Opeth’s thirteenth album, In Cauda Venenum, translated to poison in the tail, continues the musical direction begun in earnest on 2011’s Heritage. Now four albums into their 70s-inspired progressive odyssey and those yearning for Opeth to return to their Death Metal roots are again going to be sorely disappointed. Instead, In Cauda Venenum feels like the continuation of the journey begun in 2011, following in the wake of the excellent Pale Communion and Sorceress, there is a wealth of ideas flowing from main man Mikael Akerfeldt that always makes for an exhilarating trip.
As this is Opeth album number thirteen it goes without saying the level of musicianship is exemplary. The constant juxtaposition of styles and textures at play create an atmosphere of uncertainty; one moment the band are creating huge crashing soundscapes that would rival anything off Watershed or Ghost Reveries, and the next you’re being coddled by exquisite acoustic guitar and lilting vocals. On the tracks Next of Kin and Universal Truth, two of the more old-school Opeth tracks on In Cauda Venenum, the play of weight and light is most evident. The former using a massive musical barrage played off against soulfully acoustic moments, before a savage guitar solo. The latter being perhaps, at times, the most musically aggressive track on the album.
As a musical unit Opeth are battle-hardened and never shy away from the hard yards. Not content with comparing their origins with their influences, on In Cauda Venenum the band gather a myriad of other styles: ambient intro, The Garden of Earthly Delights, is a Vangelis-inspired piece, with, in it’s background, an urgent heart-beat reminiscent of Pink Floyd’s On the Run. The opening of The Garroter is a Spanish guitar playing flamenco chords which is joined by a mournful piano and jazz drums.
It is hardly a surprise that Opeth have produced a musical experience of the highest quality, but listening to In Cauda Venenum I was stuck that this was an album about voices. I cannot think of a record in the back catalogue which showcases Mikael Akerfeldt’s voice this well, with him ranging from pseudo-Death Metal to mournful lament, and In Cauda Venenum is, for the most part, a melancholic (but never miserable) record; Lovelorn Crime begins with Mikael pouring his heart out over intersecting piano chords.
Across the album there are the voices of others, not part of the music or backing singers, but as though the studio microphones have somehow picked up their conversation.
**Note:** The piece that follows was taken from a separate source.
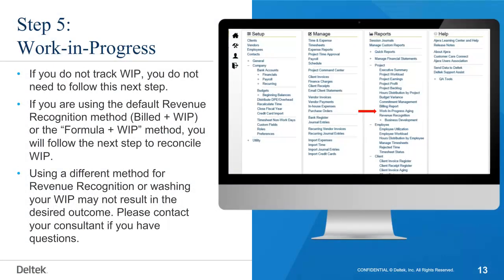If you do not track WIP, you do not need to follow this next step. If you are using the default revenue recognition method, which is Billed Plus WIP, or the Formula Plus WIP method, you will follow the next step to reconcile WIP. Using a different method for revenue recognition or washing your WIP may not result in the desired outcome. Please contact your consultant if you have questions.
Dignity, Heart in Hand and Charlatan all have disembodied voices haunting them, adding to In Cauda Venenum’s ethereal atmosphere. Some versions of this album include a second disc on which all of the tracks are sung in Swedish which, to a non-Swedish speaker, adds another dimension to the music.
As ever with a new Opeth record, repeated plays revel more of its secrets, with something new being uncovered every time. And In Cauda Venenum is so compelling an album that you will be drawn back to it for many months to come.